EXTRACTED ENTRIES:
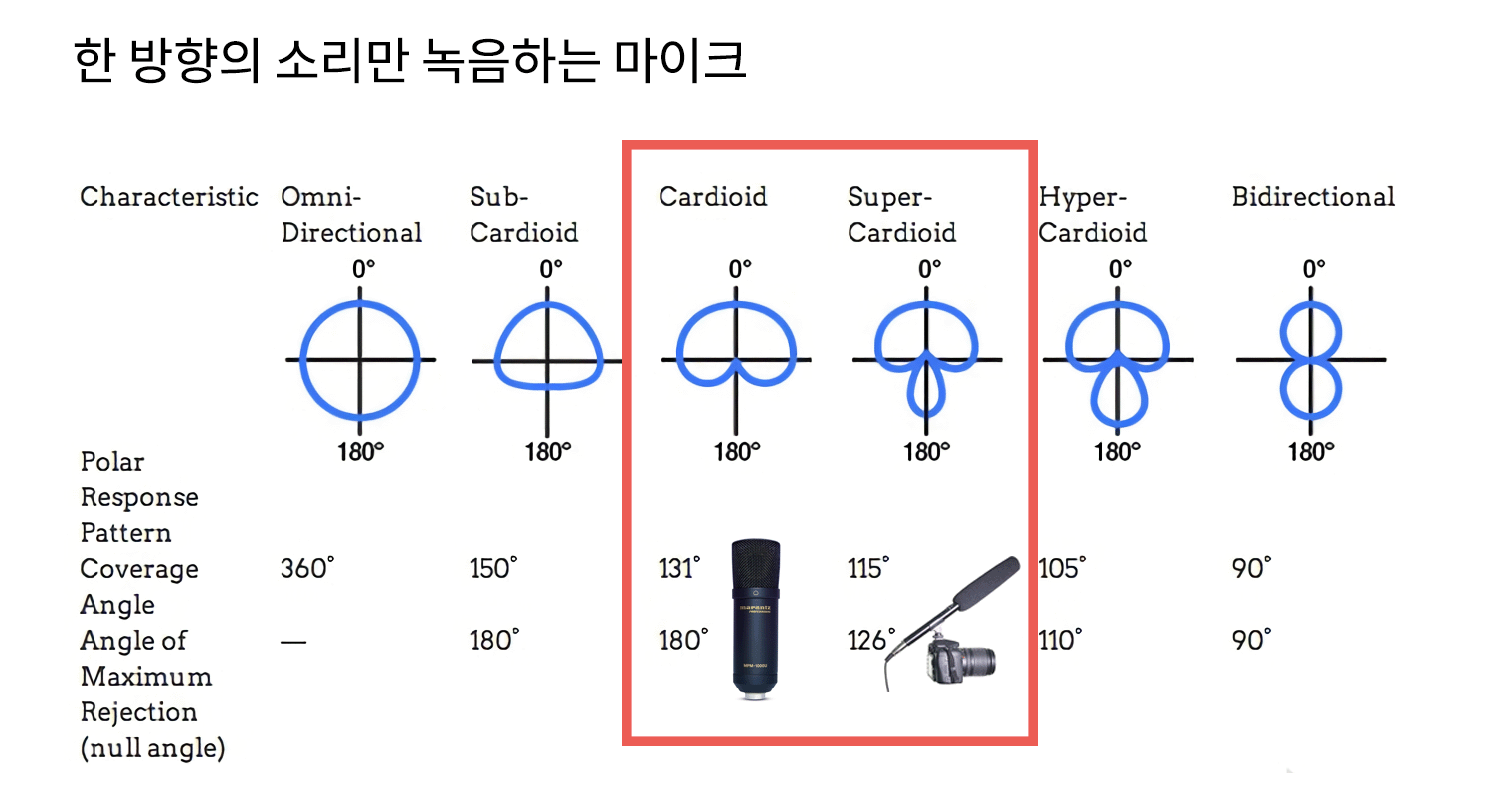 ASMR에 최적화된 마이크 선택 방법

--

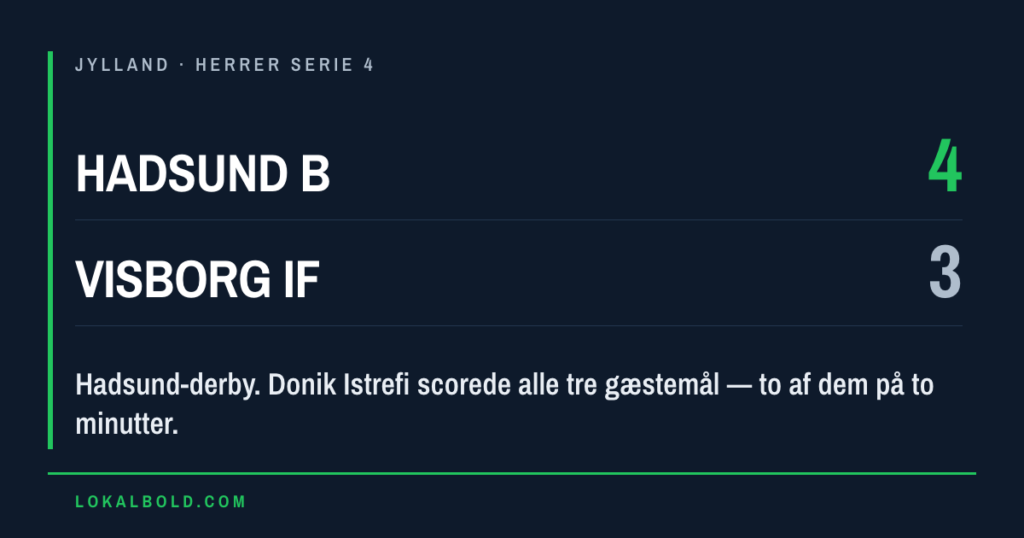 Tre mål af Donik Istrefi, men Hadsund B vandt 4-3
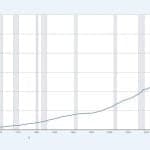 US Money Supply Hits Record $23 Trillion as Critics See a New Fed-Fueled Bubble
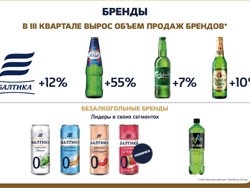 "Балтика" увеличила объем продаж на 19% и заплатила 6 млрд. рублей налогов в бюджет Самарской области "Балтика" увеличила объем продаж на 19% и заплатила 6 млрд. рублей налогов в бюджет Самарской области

...

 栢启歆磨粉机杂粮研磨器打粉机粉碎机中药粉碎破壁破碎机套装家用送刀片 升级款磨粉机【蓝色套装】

PROBLEM: Within the listing above, copy exactly the lines that start at the one with "Tre mål af Donik" and continue through the one with "US Money Supply". Omit pictures.

WRITTEN SOLUTION:
 Tre mål af Donik Istrefi, men Hadsund B vandt 4-3
 US Money Supply Hits Record $23 Trillion as Critics See a New Fed-Fueled Bubble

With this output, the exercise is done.